> [EXERCISE DATA]:
════════════════

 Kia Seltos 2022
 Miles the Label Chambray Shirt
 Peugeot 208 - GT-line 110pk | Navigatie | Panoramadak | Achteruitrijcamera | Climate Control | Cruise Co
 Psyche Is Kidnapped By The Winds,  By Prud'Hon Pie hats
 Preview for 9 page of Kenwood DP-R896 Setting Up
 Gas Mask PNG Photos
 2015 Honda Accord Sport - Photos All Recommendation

════════════════

> [TASK GOAL]: Quote only the stretch of lines that starts the data above and ends with the line containing "Psyche Is Kidnapped", both included.

> [RESULT FOR THIS EXERCISE]:
 Kia Seltos 2022
 Miles the Label Chambray Shirt
 Peugeot 208 - GT-line 110pk | Navigatie | Panoramadak | Achteruitrijcamera | Climate Control | Cruise Co
 Psyche Is Kidnapped By The Winds,  By Prud'Hon Pie hats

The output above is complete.